(Beginning of Dataset excerpt)

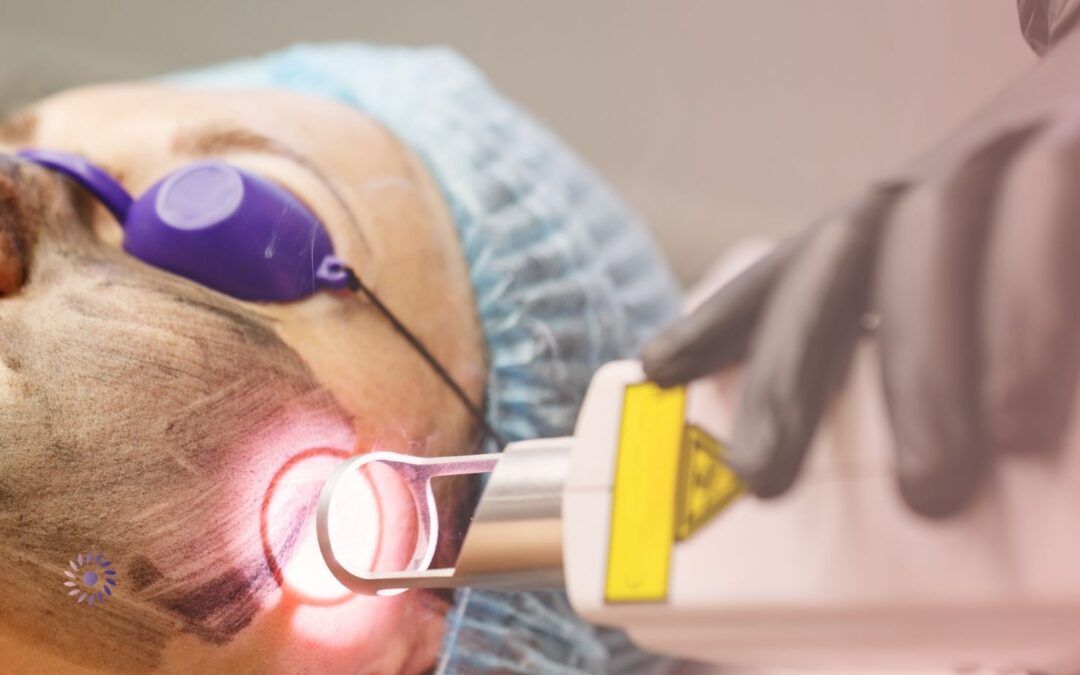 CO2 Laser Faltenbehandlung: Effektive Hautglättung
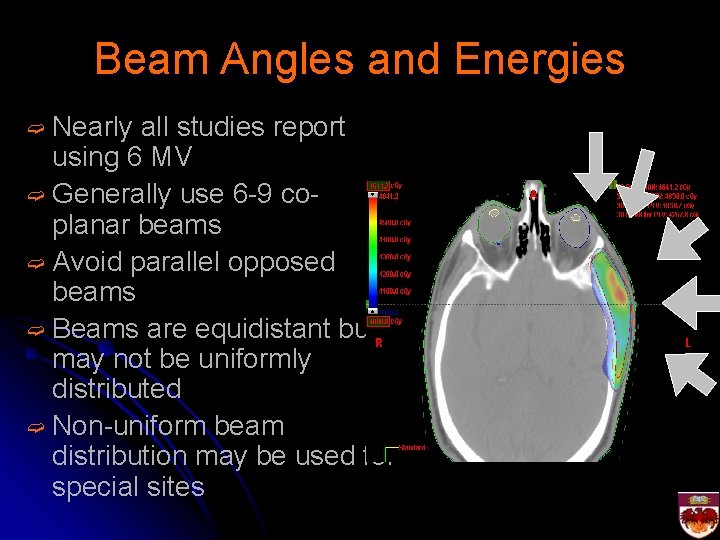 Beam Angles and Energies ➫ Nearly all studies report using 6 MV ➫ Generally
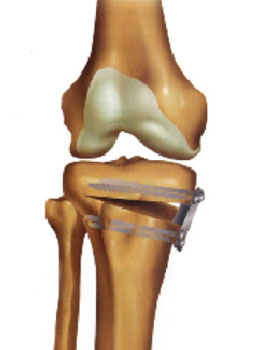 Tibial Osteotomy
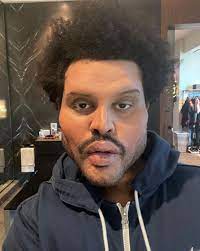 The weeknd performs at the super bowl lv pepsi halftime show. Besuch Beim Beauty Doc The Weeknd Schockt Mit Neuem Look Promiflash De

(End of Dataset excerpt)

**What is expected:** Find the line that contains "Tibial Osteotomy". Copy it and every line after it through the end of the listing exactly, but not the pictures.

**Reply:**
 Tibial Osteotomy
 The weeknd performs at the super bowl lv pepsi halftime show. Besuch Beim Beauty Doc The Weeknd Schockt Mit Neuem Look Promiflash De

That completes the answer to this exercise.